Opinions, Context & Ideas from the TPM Editors TPM Editor's Blog
The fact that gay and lesbian couples are now lining up to get married in Utah of all places - arguably the most conservative state in the country - might tell you this on a symbolic level. But the logic that points to the end of the political fight over gay marriage is more concrete, specific and undeniable.
Utah, rightly, got the most attention. But there were two cases last week. The other one in Ohio dealt with a much narrower question: whether the state had to recognize gay marriages in the issuance of death certificates. But both cases rested on the same essential premise: that if the federal government can't discriminate against gay couples, states - by definition - cannot either.
As Judge Timothy Black put it in the Ohio case: "The question presented is whether a state can do what the federal government cannot -- i.e., discriminate against same-sex couples ... simply because the majority of the voters don't like homosexuality (or at least didn't in 2004). Under the Constitution of the United States, the answer is no."
Both judges, perhaps with an element of trolling or humor, cited Justice Scalia's furious dissent in United States v Windsor, in which he claimed that the Court's decision to overturn DOMA would lead logically and inevitably to overturning every state gay marriage ban in the country.
Now, this might all be written off as the work of two federal trial judges. But the tell is in the response of the 10th Circuit, one of the country's more conservative. When Utah appealed to the 10th Circuit to block further gay marriages until its appeal could be heard on the merits, the judges said no. Because the two standards for such a denial are 'irreparable harm' and likelihood to prevail on appeal, the appellate judges - one Bush appointee, one Obama appointee - seemed to be hinting that Utah is likelihood to lose.
In other words, the inexorable Scalia logic appears clear to them too.
Now there are some conceivable federalism grounds where you could maybe eke out a reason why the Constitution bars the federal government from doing something but allows it to states.
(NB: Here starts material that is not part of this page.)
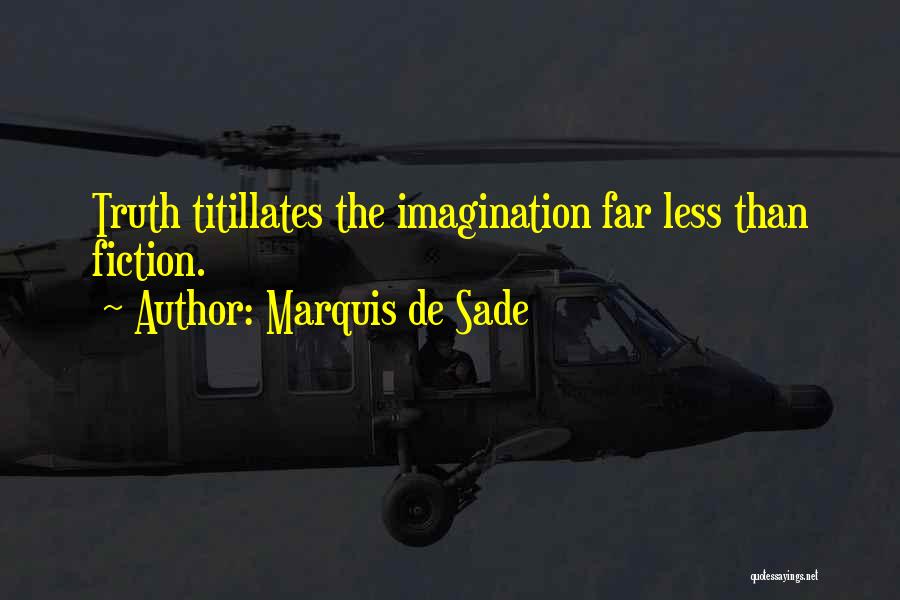 Marquis De Sade Quotes: Truth Titillates The Imagination Far Less Than Fiction.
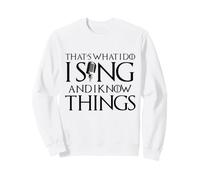 Microphone Humoristique pour Chanteur de karaoké « I Sing Songs » Sweatshirt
But it's a big stretch and probably an impossible one in a country where opposition to same sex marriage is declining rapidly every year.
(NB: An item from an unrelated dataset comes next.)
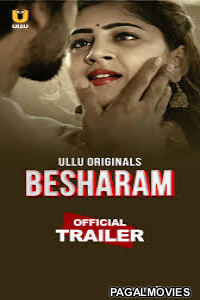 Besharam (2025) Season 01 Part 1 ULLU Hindi Hot WebSeries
There's also the real world reality that the 10th Circuit denial of a stay seems certain to guarantee a pretty substantial population of same sex couples in Utah by the time the appellate Court actually comes to a decision.
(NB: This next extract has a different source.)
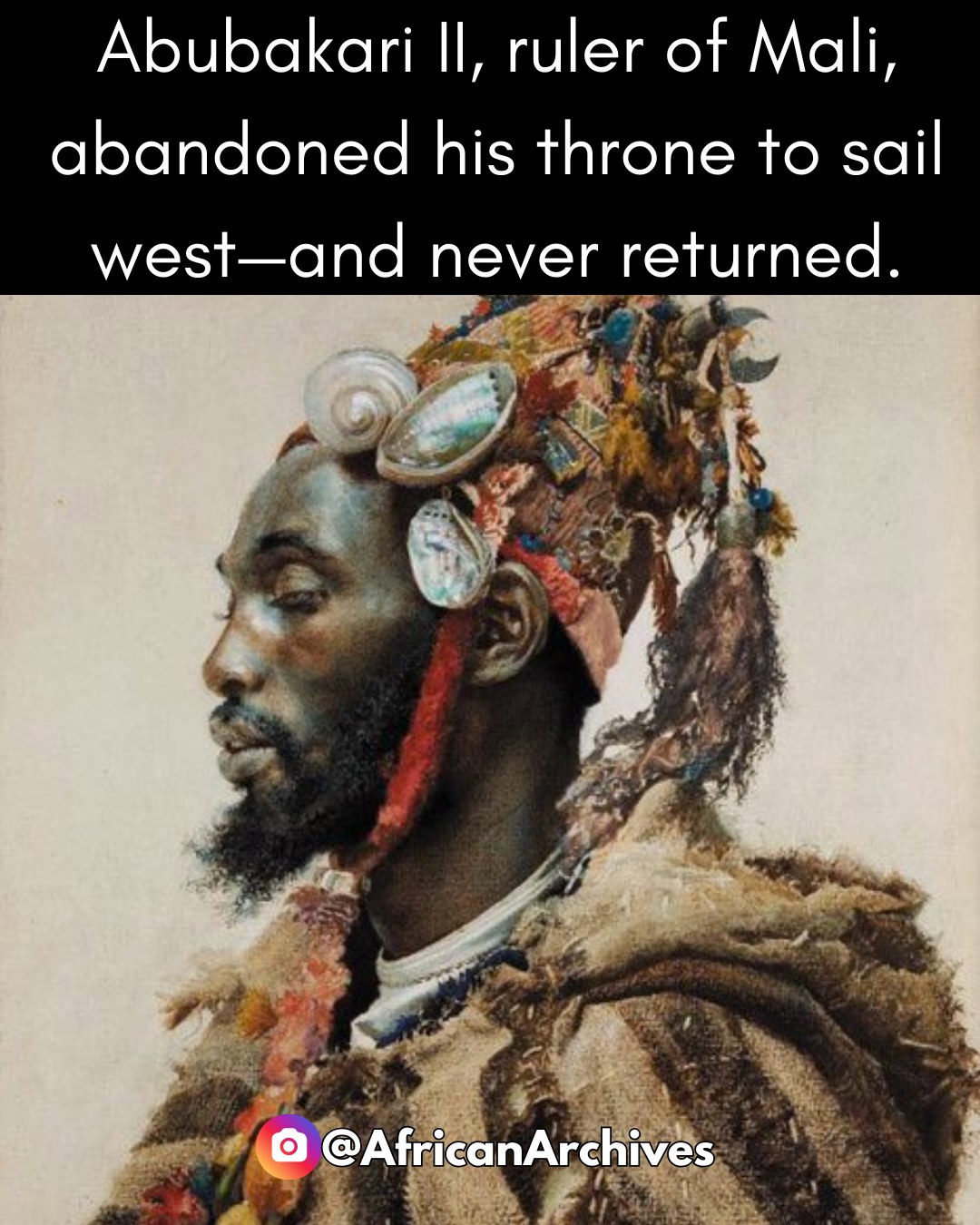 African - In the early 14th century, Abubakari II ruled the Mali Empire ...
In this sense - and not to be overly dramatic - it's almost reminiscent of the Fall of the Berlin Wall - when actions on the ground, literally on the ground, swept a lot of details and technicalities before it and presented authorities with faits accompli, which they were likely to accept eventually, much more rapidly than they would have preferred.
So yes, this will percolate a bit, as they say. Decisions will come up through the individual Circuits. In pretty short order, the Supreme Court will be forced to revisit the issue. And their logic in the Windsor case will join forces with the march of public opinion to make it almost impossible for them not to issue a broad ruling which invalidates every gay marriage ban in country.
I think everybody, on each side of the issue, has realized for the past two or three years that it is only a matter of time until this happens. But the decade or so of different policies from state to state now appears quite unlikely. I don't want to end without noting that a lot of lawyering remains to be done. Nothing is ever certain. And even when it's all but certain it's still not easy. But I see little way to look at the last week and not conclude that gay marriage will be the law of the land in every state in the country in the near future. Probably during the Obama presidency and maybe sooner still.